__Work required__: Carry none of the pictures over; write out the complete data exactly.

__Data section__:
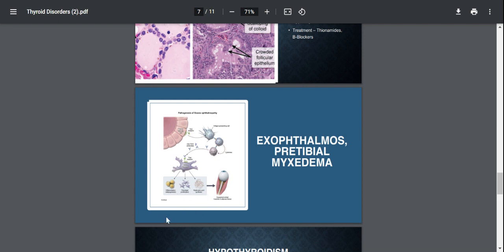So to treat this we could use prednisolone. We cannot use methimazole because the methimazole drugs are going to act on the thyroid gland.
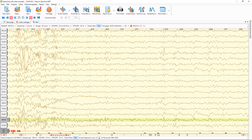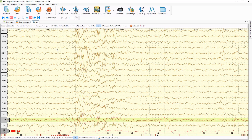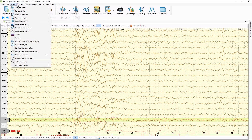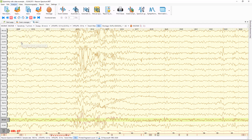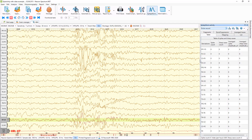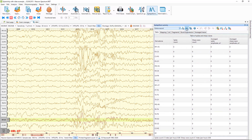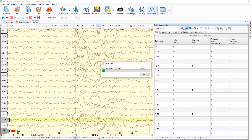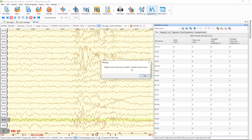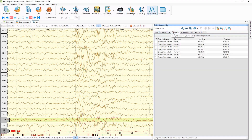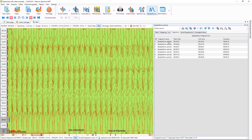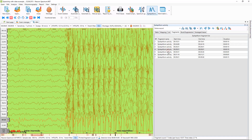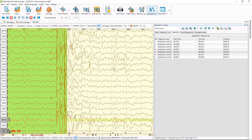Now let's see how to analyze such an examination. I will show you how to manage epileptiform activity. Using this window, we can start the epileptic seizure detector, which will automatically mark all epileptiform activity in this examination. You can see that 7 epileptic seizures were found. In the Fragments tab we can see all of them and navigate between them with a mouse click. I can review each of them.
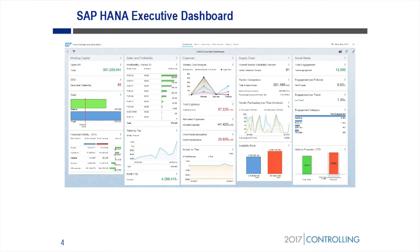So this is the executive dashboard, and by the end of this session you guys should know how to build this yourself or something similar. Don't worry about the front-end tool — whatever front-end tool you guys like to use, something like this can be built. This is leveraging 95% standard content. There's some custom stuff — I'll show it to you — but this is just leveraging standard content, and we'll walk through and look at some of the details.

__Solution for this problem__:
So to treat this we could use prednisolone. We cannot use methimazole because the methimazole drugs are going to act on the thyroid gland.
Now let's see how to analyze such an examination. I will show you how to manage epileptiform activity. Using this window, we can start the epileptic seizure detector, which will automatically mark all epileptiform activity in this examination. You can see that 7 epileptic seizures were found. In the Fragments tab we can see all of them and navigate between them with a mouse click. I can review each of them.
So this is the executive dashboard, and by the end of this session you guys should know how to build this yourself or something similar. Don't worry about the front-end tool — whatever front-end tool you guys like to use, something like this can be built. This is leveraging 95% standard content. There's some custom stuff — I'll show it to you — but this is just leveraging standard content, and we'll walk through and look at some of the details.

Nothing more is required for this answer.